About this task> Everything from the line containing "TENZERO Glow Vita Helendav Tooner 200ml 1tk" through the last line of the listing below should be returned exactly, except for pictures.

Given data>
++++++++++
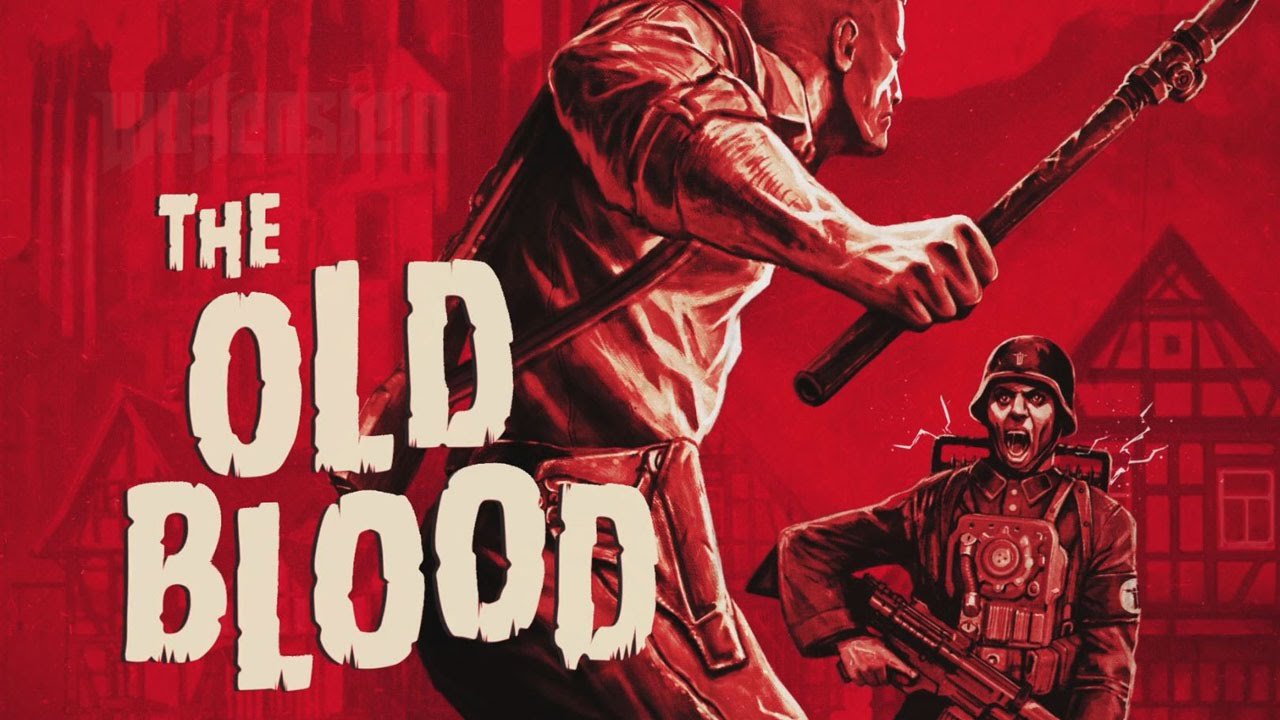 Авторы Wolfenstein: The Old Blood делают то, что в последнее время стало большой редкостью для игровой индустрии — с педантичностью бухгалтера из сибирского дома культуры выполняют свои обещания. Они честно предупреждали: это не новая игра, а самостоятельное сюжетное ответвление от The New Order. То есть механика, оружие и отчасти враги — практически те же самые, что и в оригинале. Если не присматриваться, то сразу и не поймешь, где какая игра. Конечно, пока не возьмешь в руки сборную трубу, ставшую, кажется, главным козырем The Old Blood.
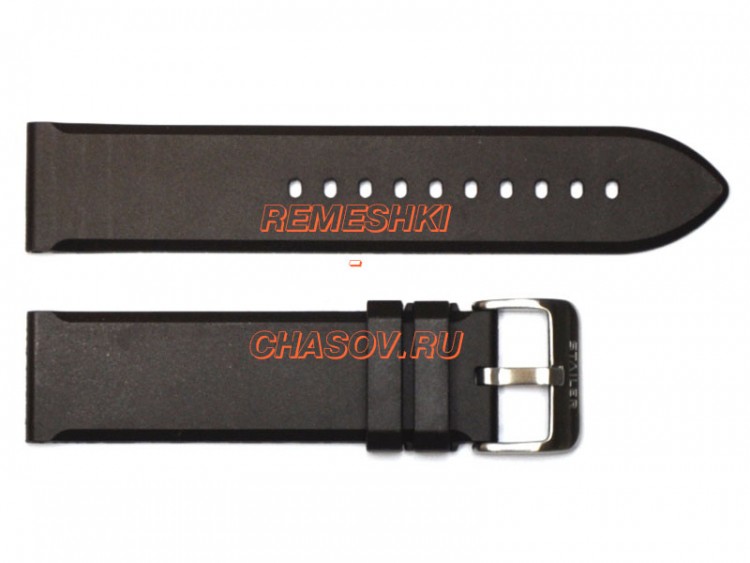 Ремешок для часов STAILER CS482-2011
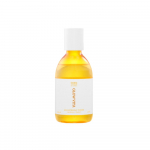 TENZERO Glow Vita Helendav Tooner 200ml 1tk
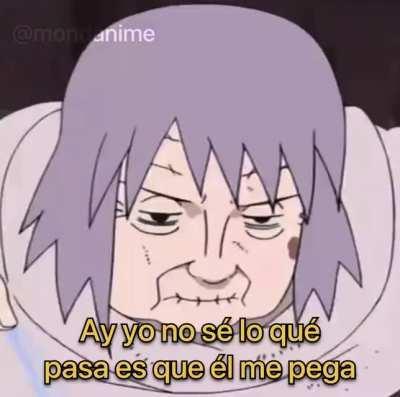 Lo reposteo porque me banearon de reddit no se pq 😔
++++++++++
Exercise output>
 TENZERO Glow Vita Helendav Tooner 200ml 1tk
 Lo reposteo porque me banearon de reddit no se pq 😔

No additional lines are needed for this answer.